- New research finds that if humans carry on with business as usual and the environmental degradation that results, we will pay a steep price — quite literally.
- Researchers found that if we simply continue under the status quo, the global economy will lose at least $479 billion a year, adding up to nearly $10 trillion in losses by 2050, as compared to the “baseline” scenario in which there is no change in ecosystem services over the next 30 years.
- Of the 140 countries included in the study, the United States stands to take the biggest economic hit, losing $83 billion per year by 2050 under this “business as usual” scenario that includes intense consumption of energy and raw materials, widespread land-use change, ongoing rises in greenhouse gas emissions, and continued loss of biodiversity.
New research finds that if humans carry on with business as usual and the environmental degradation that results, we will pay a steep price — quite literally.
Researchers with WWF, Purdue University’s Global Trade Analysis Project, and the Natural Capital Project looked at how forests, wetlands, coral reefs, and other “natural assets” that furnish the ecosystem services we all rely on will be impacted by a variety of future development scenarios. They then examined the economic implications of those impacts over the next three decades.
As detailed in a report summarizing their results, the researchers found that if we simply continue under the status quo, the global economy will lose at least $479 billion a year, adding up to nearly $10 trillion in losses by 2050, as compared to the “baseline” scenario in which there is no change in ecosystem services over the next 30 years.

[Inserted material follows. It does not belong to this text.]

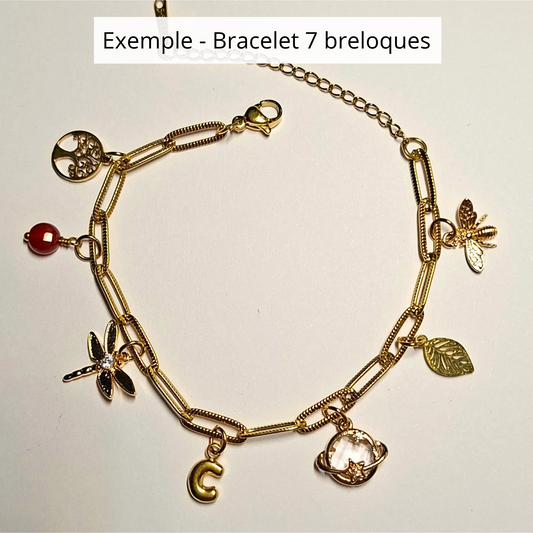 Exemple de bracelet personnalisé doré avec 7 breloques, pierres naturelles et symboles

Of the 140 countries included in the study, the United States stands to take the biggest economic hit, losing $83 billion per year by 2050 under this “business as usual” scenario that includes intense consumption of energy and raw materials, widespread land-use change, ongoing rises in greenhouse gas emissions, and continued loss of biodiversity. The economies of Japan and the UK will also see big losses of $80 billion and $21 billion, respectively, every year.
“This groundbreaking report shows that the U.S. will suffer the world’s biggest economic impact due to nature loss,” Rebecca Shaw, chief scientist at WWF, said in a statement. “We cannot envision a just and stable country, and a prosperous economy, if forests disappear, pollinators vanish, biodiversity collapses and rivers and the ocean are depleted. Continuing with business as usual could lead to disastrous outcomes. We need governments and corporations to halt nature loss and tackle this planetary emergency.”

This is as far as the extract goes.